WORK INSTRUCTIONS >>
Please restate the data that follows word for word, with the pictures left out.
==== STORED DATA
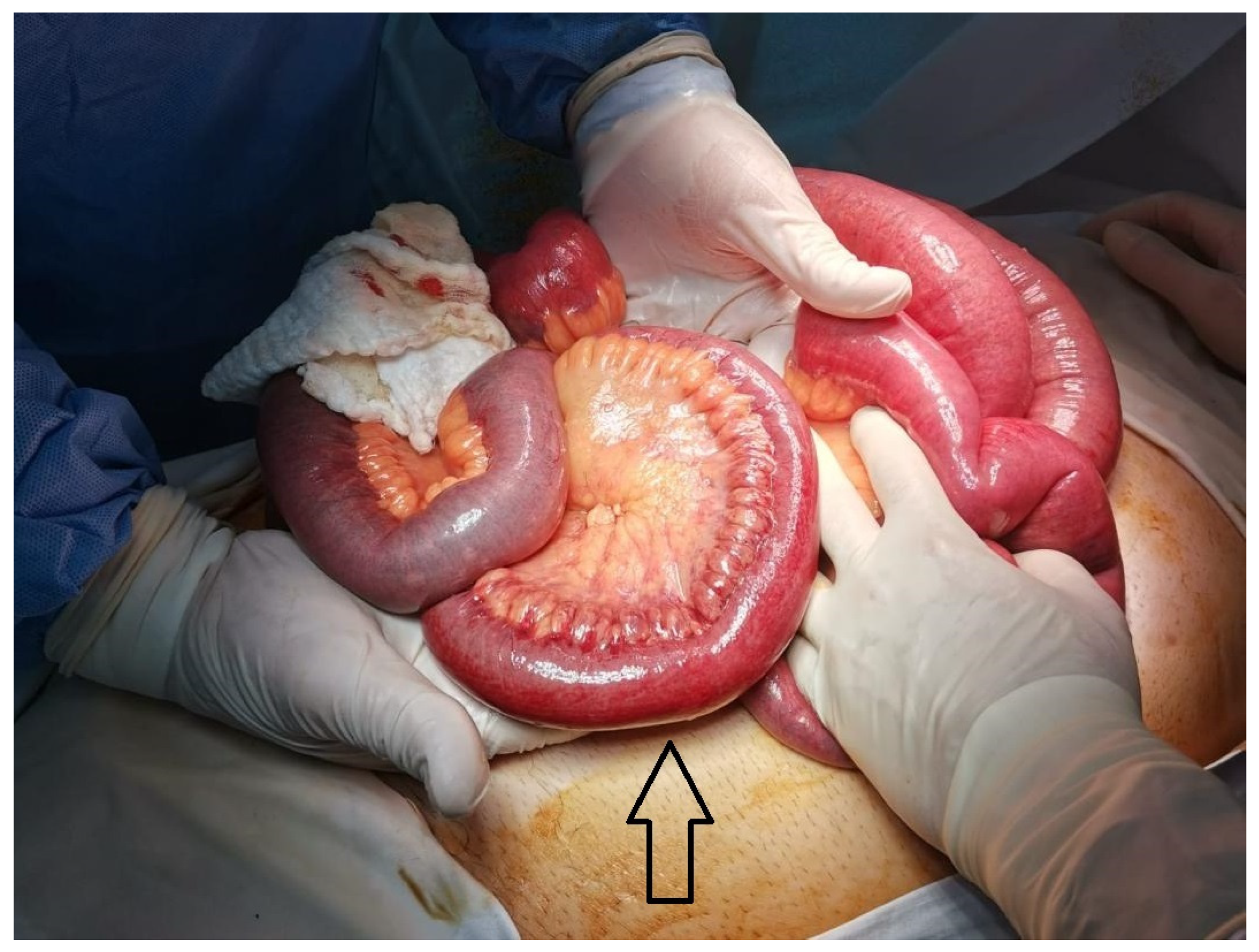 Diagnostics 14 00304 g002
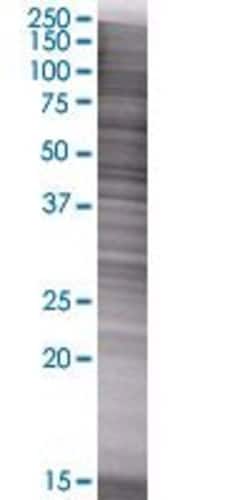 Abnova CYP2C8 293T Cell Transient Overexpression Lysate (Denatured) 100 &mu;L | Buy Online | Abnova&trade; | Fisher Scientific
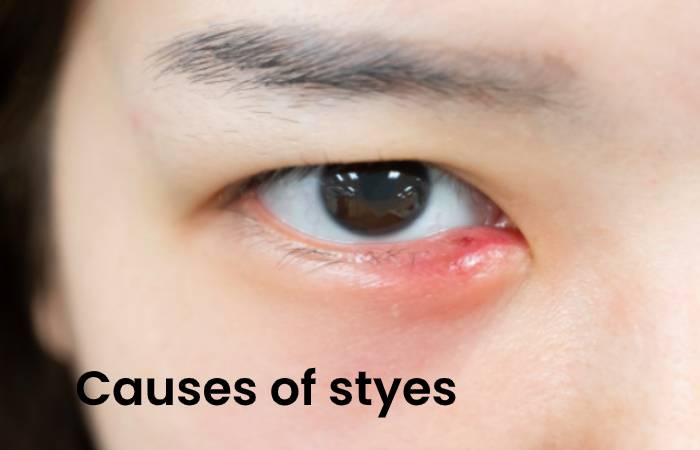 Causes of styes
========
COMPLETED TASK >>
 Diagnostics 14 00304 g002
 Abnova CYP2C8 293T Cell Transient Overexpression Lysate (Denatured) 100 &mu;L | Buy Online | Abnova&trade; | Fisher Scientific
 Causes of styes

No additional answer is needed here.